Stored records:
+ + + +
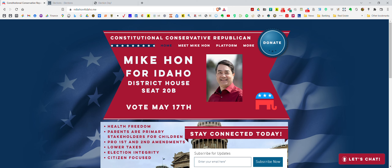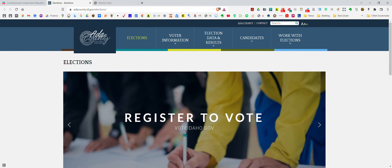Hey, good morning, it's Mike Hahn and I'm running for Idaho district house seat 20B. We've been doing a lot of door knocking and talking to folks, and there seems to be a little bit of confusion as to what district people live in, so I've decided to do this little video to show you how to figure that out real quickly.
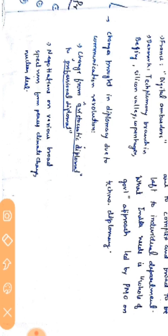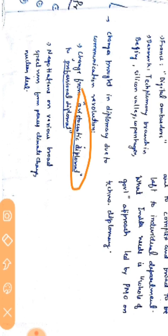Previously, an ambassador used to take decisions on his own behalf without any reliance on the state or the home country. With the coming of the communication revolution, the aristocratic diplomat was changed to a professional diplomat, where home countries were continuously monitoring their work.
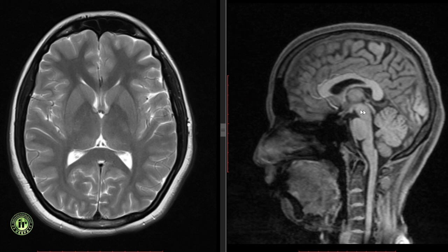The brain stem comprises of the midbrain, the pons and the medulla. The midbrain is also known as the mesencephalon, and the pons, medulla and cerebellum together constitute the rhombencephalon. Let us have a look at the midbrain.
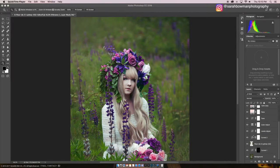I thought I would show you guys how I would normally play around with color on an image in Photoshop, and just the overall adjustment layers that I normally like to use.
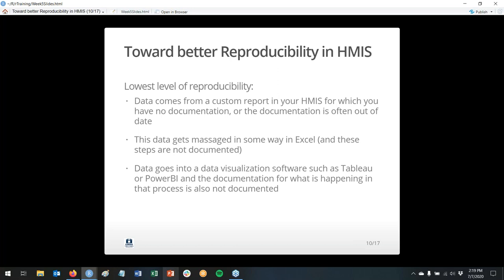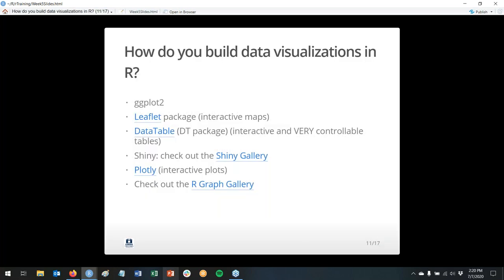The reasons you'd want reproducibility: even if you're doing everything yourself, people come and go. The next person in your position might really appreciate a reproducible workflow. R, R Markdown, Git, and GitHub really help you toward a more reproducible workflow.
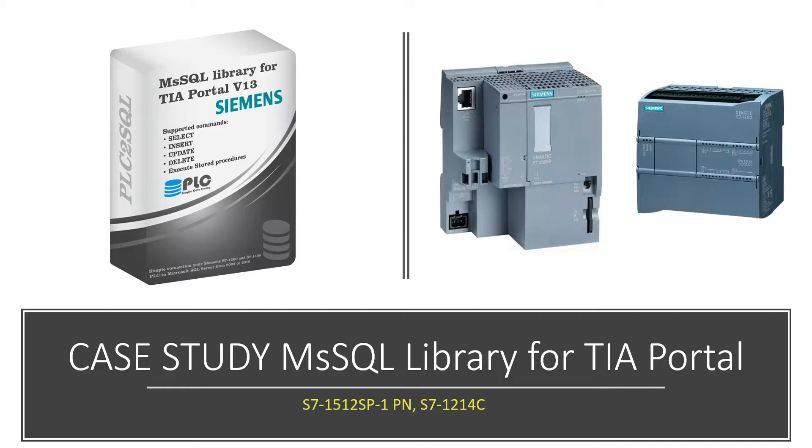Hello, I'm Tomas from PLC2SQL.com and today I'd like to show you a case study for the Microsoft SQL library for TIA Portal on PLCs from Siemens SIMATIC S7-1200 series and S7-1500 series.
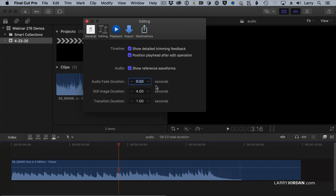but you can change it just by typing in whatever number you want. I'll make it a second. That's way too slow for an intro fade, but sounds good for a closing fade. And close the preferences.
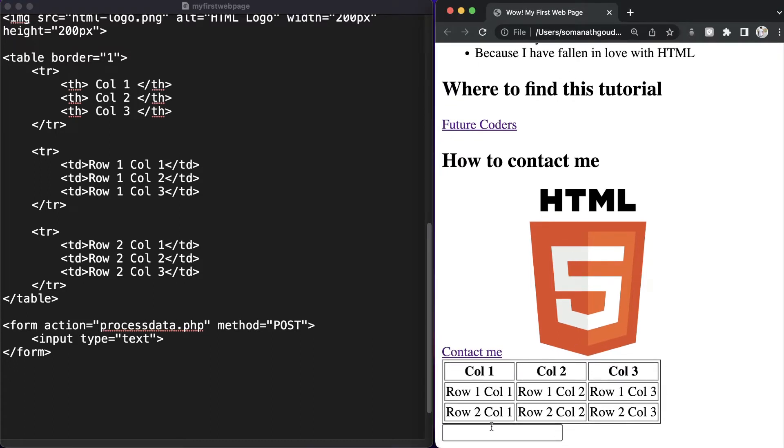This accepts input of type text. Let's save this and check it — as you can see we have a form field and I can fill it; as you can see it accepts text.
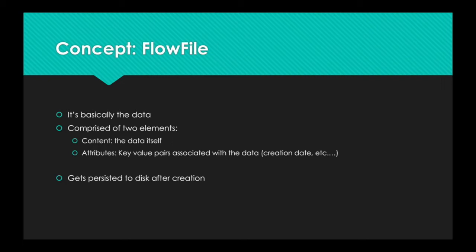Those are basically key value pairs associated with the data. An example of this would be creation date, but we'll see there are many others. That's basically any metadata you want. And flow files, they get persisted to disk right after the creation. So every time you get a flow file, it's not going to stay in memory. For Apache NIFI, it's going to go straight to disk. It's going to be persisted.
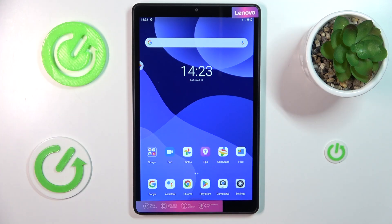This is Lenovo Tab M8 and today I would like to demonstrate how you can set up parental controls on this device.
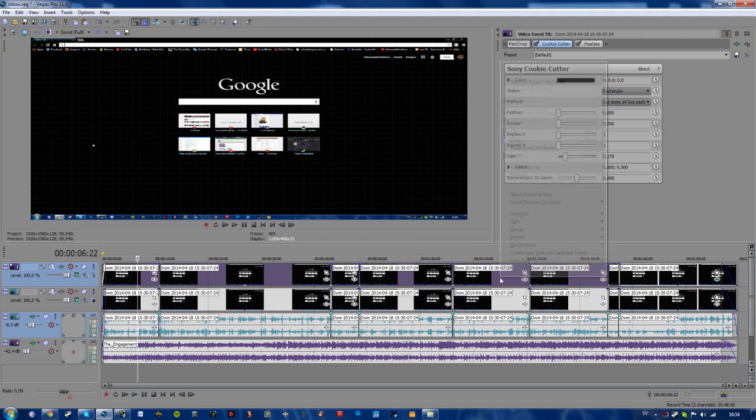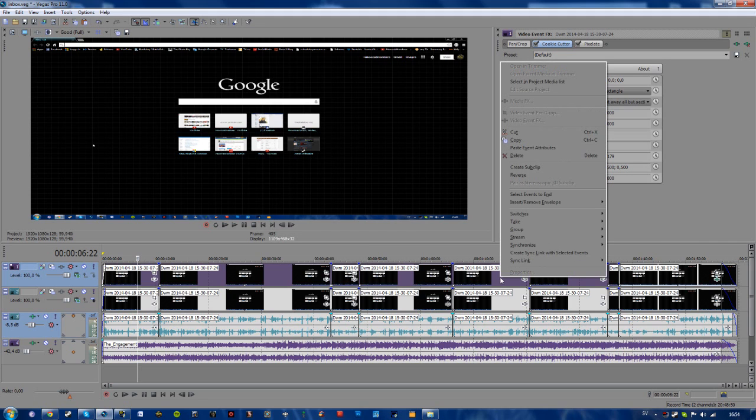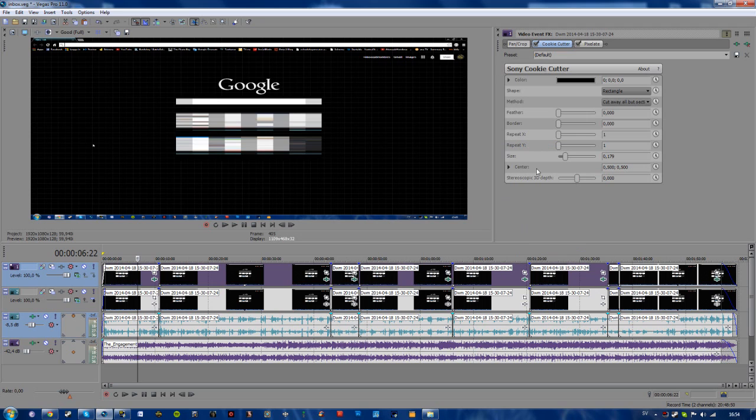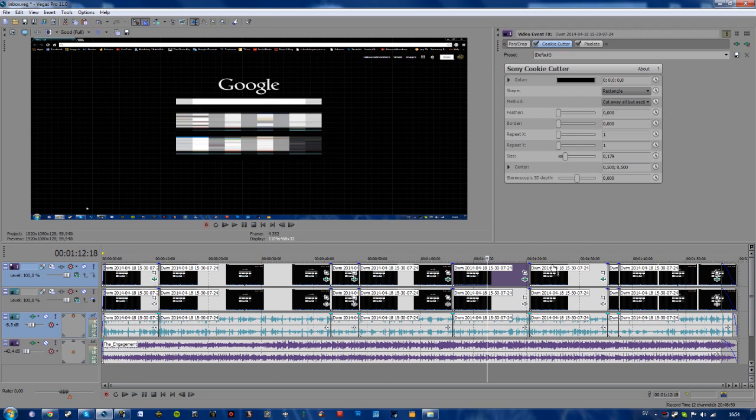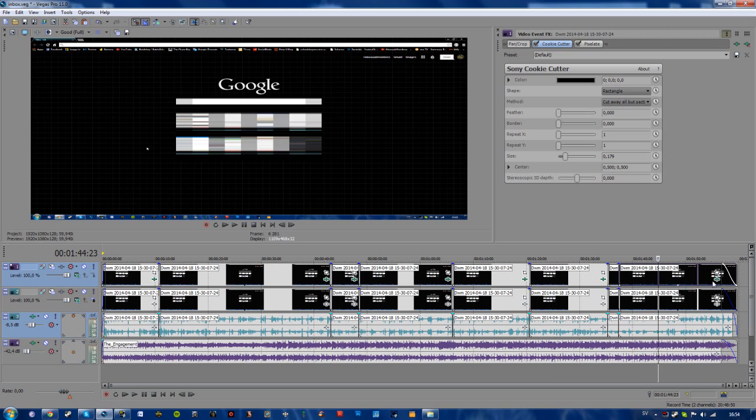Simply right click and choose paste event attributes. And now you'll see that these files all have the same video effects as this one that I copied from.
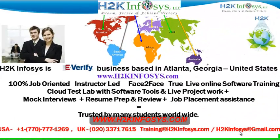Welcome to H2K Infosys. H2K Infosys is an E-Verify business based in Atlanta, Georgia, United States.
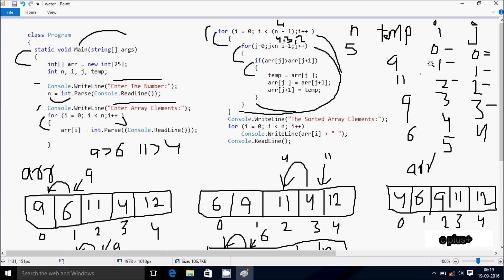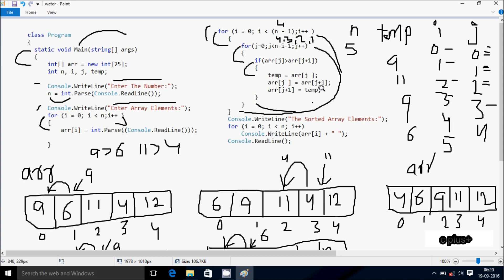Hereafter i increases. j condition: 1 less than 1. arr[1] position is 6, arr[2] position is 9. Condition is not true, not coincides. After that j increases. j starts from 0 again, check condition 0 less than 1. arr[0] position is 4, arr[1] position is 6. Condition is not true, not coincides. After that coincides - so the sorting is complete.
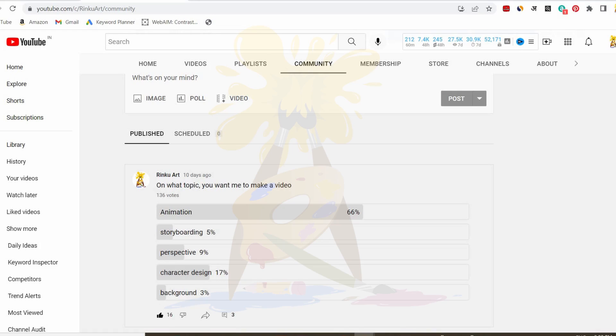Hello friends. Welcome back to my channel Rinko Art. So today in this video, I'm going to show you something different apart from my usual character designing videos.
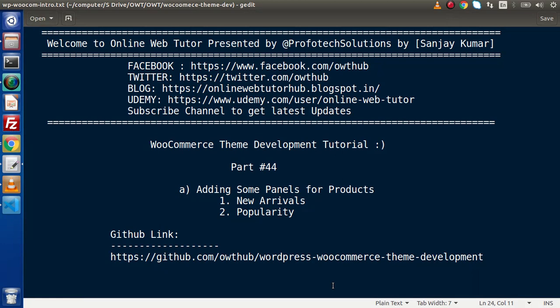Hello guys. Welcome to Online Web Tutor. I am Sanjay. We are learning WooCommerce Theme Development tutorial.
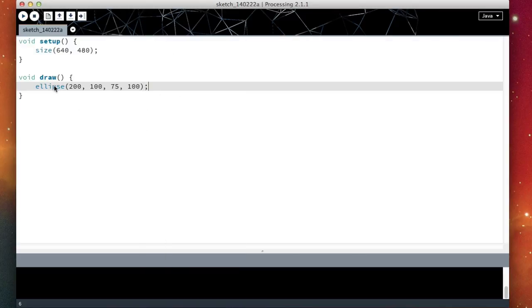So this is how we create ellipses and how we change the size of our window in Processing. In the next video we're going to take a look at how we can create and store temporary values or variables in Processing. So I'll see you there.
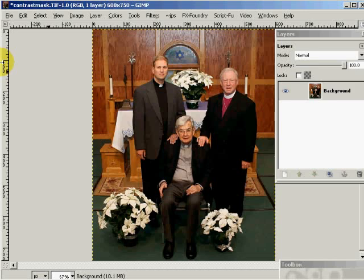You'll see some of the characteristics of this. In the contrast mask, basically what we're doing is we're taking an image and superimposing a black and white negative of the image over the image, giving it a Gaussian blur to increase detail.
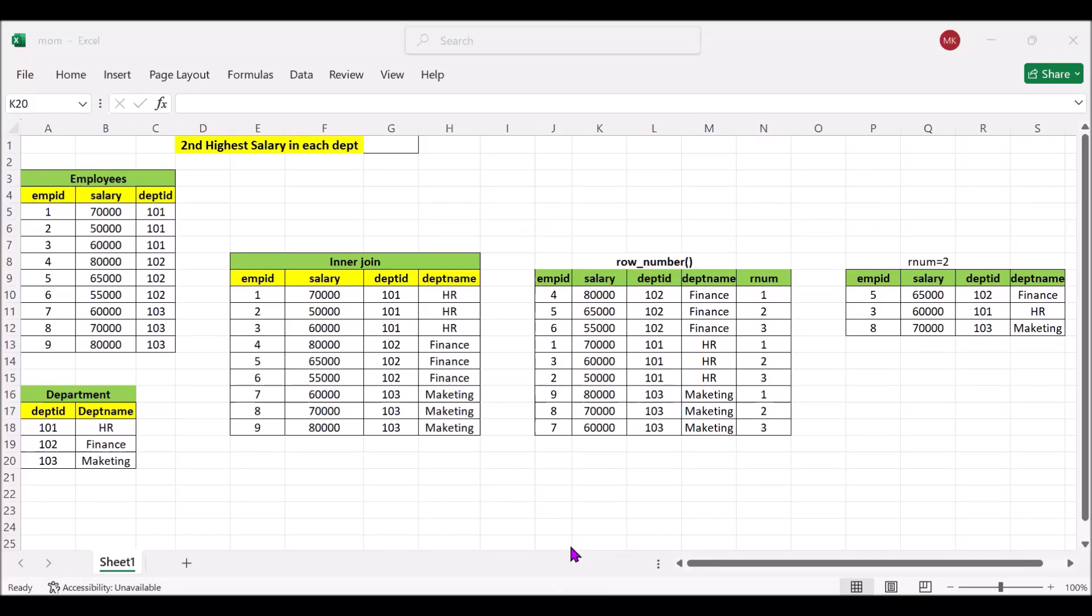Hi all, this is Mohit Tyagi. Since we are doing SQL interview question series, this is the further continuation of that.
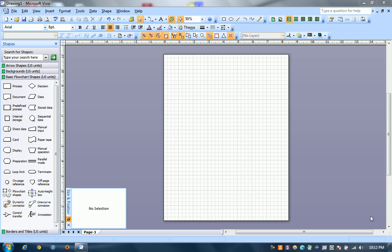This video will be showing how to create a template for all your pages that's called a background in Visio.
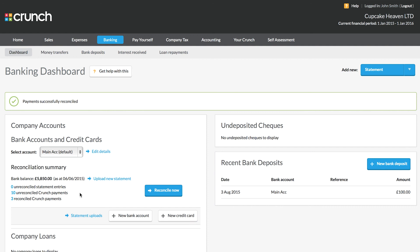This concludes our quick look at the banking tab and getting started. If you want to know more about reconciling your accounts and using the Crunch software, please check out the other banking guides available in our help centre and online.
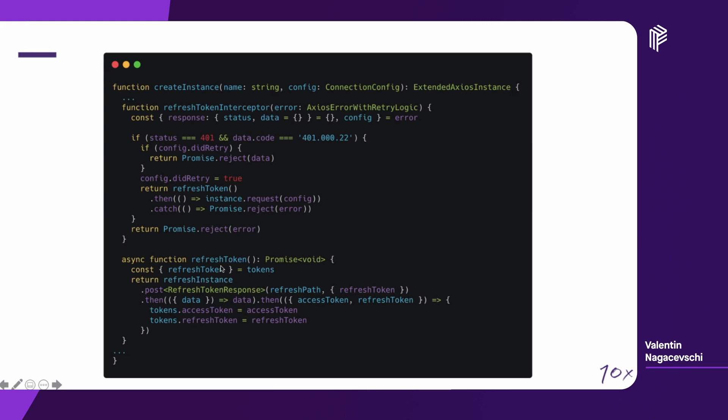The refresh token, as you see, is using the refresh instance. Right now, it makes sense to have two instances because this instance will not be polluted with any other headers which are not necessary there. And also, letting intact the original instance, which is used to retry the original request. If the refresh token succeeds, we're going to receive the access token and the refresh tokens, and we're going to store them as usual. This refresh token is also used as a helper function.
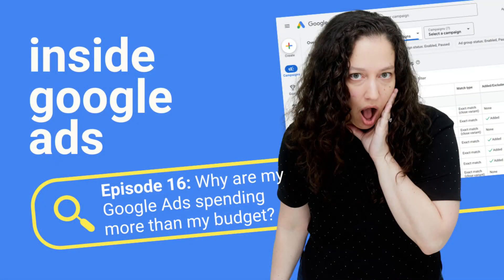Let me know by sending me an email or dropping a voice note in my Instagram DMs. I'm Jill Saskin-Gales, and I'll see you next time inside Google Ads.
+ + + +
What you have to do: Repeat the entries word for word and skip the pictures.

Response:
Hey, good morning, it's Mike Hahn and I'm running for Idaho district house seat 20B. We've been doing a lot of door knocking and talking to folks, and there seems to be a little bit of confusion as to what district people live in, so I've decided to do this little video to show you how to figure that out real quickly.
Previously, an ambassador used to take decisions on his own behalf without any reliance on the state or the home country. With the coming of the communication revolution, the aristocratic diplomat was changed to a professional diplomat, where home countries were continuously monitoring their work.
The brain stem comprises of the midbrain, the pons and the medulla. The midbrain is also known as the mesencephalon, and the pons, medulla and cerebellum together constitute the rhombencephalon. Let us have a look at the midbrain.
I thought I would show you guys how I would normally play around with color on an image in Photoshop, and just the overall adjustment layers that I normally like to use.
The reasons you'd want reproducibility: even if you're doing everything yourself, people come and go. The next person in your position might really appreciate a reproducible workflow. R, R Markdown, Git, and GitHub really help you toward a more reproducible workflow.
Hello, I'm Tomas from PLC2SQL.com and today I'd like to show you a case study for the Microsoft SQL library for TIA Portal on PLCs from Siemens SIMATIC S7-1200 series and S7-1500 series.
but you can change it just by typing in whatever number you want. I'll make it a second. That's way too slow for an intro fade, but sounds good for a closing fade. And close the preferences.
This accepts input of type text. Let's save this and check it — as you can see we have a form field and I can fill it; as you can see it accepts text.
Those are basically key value pairs associated with the data. An example of this would be creation date, but we'll see there are many others. That's basically any metadata you want. And flow files, they get persisted to disk right after the creation. So every time you get a flow file, it's not going to stay in memory. For Apache NIFI, it's going to go straight to disk. It's going to be persisted.
This is Lenovo Tab M8 and today I would like to demonstrate how you can set up parental controls on this device.
Simply right click and choose paste event attributes. And now you'll see that these files all have the same video effects as this one that I copied from.
Welcome to H2K Infosys. H2K Infosys is an E-Verify business based in Atlanta, Georgia, United States.
Hereafter i increases. j condition: 1 less than 1. arr[1] position is 6, arr[2] position is 9. Condition is not true, not coincides. After that j increases. j starts from 0 again, check condition 0 less than 1. arr[0] position is 4, arr[1] position is 6. Condition is not true, not coincides. After that coincides - so the sorting is complete.
Hello friends. Welcome back to my channel Rinko Art. So today in this video, I'm going to show you something different apart from my usual character designing videos.
Hello guys. Welcome to Online Web Tutor. I am Sanjay. We are learning WooCommerce Theme Development tutorial.
So this is how we create ellipses and how we change the size of our window in Processing. In the next video we're going to take a look at how we can create and store temporary values or variables in Processing. So I'll see you there.
You'll see some of the characteristics of this. In the contrast mask, basically what we're doing is we're taking an image and superimposing a black and white negative of the image over the image, giving it a Gaussian blur to increase detail.
Hi all, this is Mohit Tyagi. Since we are doing SQL interview question series, this is the further continuation of that.
This video will be showing how to create a template for all your pages that's called a background in Visio.
This concludes our quick look at the banking tab and getting started. If you want to know more about reconciling your accounts and using the Crunch software, please check out the other banking guides available in our help centre and online.
The refresh token, as you see, is using the refresh instance. Right now, it makes sense to have two instances because this instance will not be polluted with any other headers which are not necessary there. And also, letting intact the original instance, which is used to retry the original request. If the refresh token succeeds, we're going to receive the access token and the refresh tokens, and we're going to store them as usual. This refresh token is also used as a helper function.
Let me know by sending me an email or dropping a voice note in my Instagram DMs. I'm Jill Saskin-Gales, and I'll see you next time inside Google Ads.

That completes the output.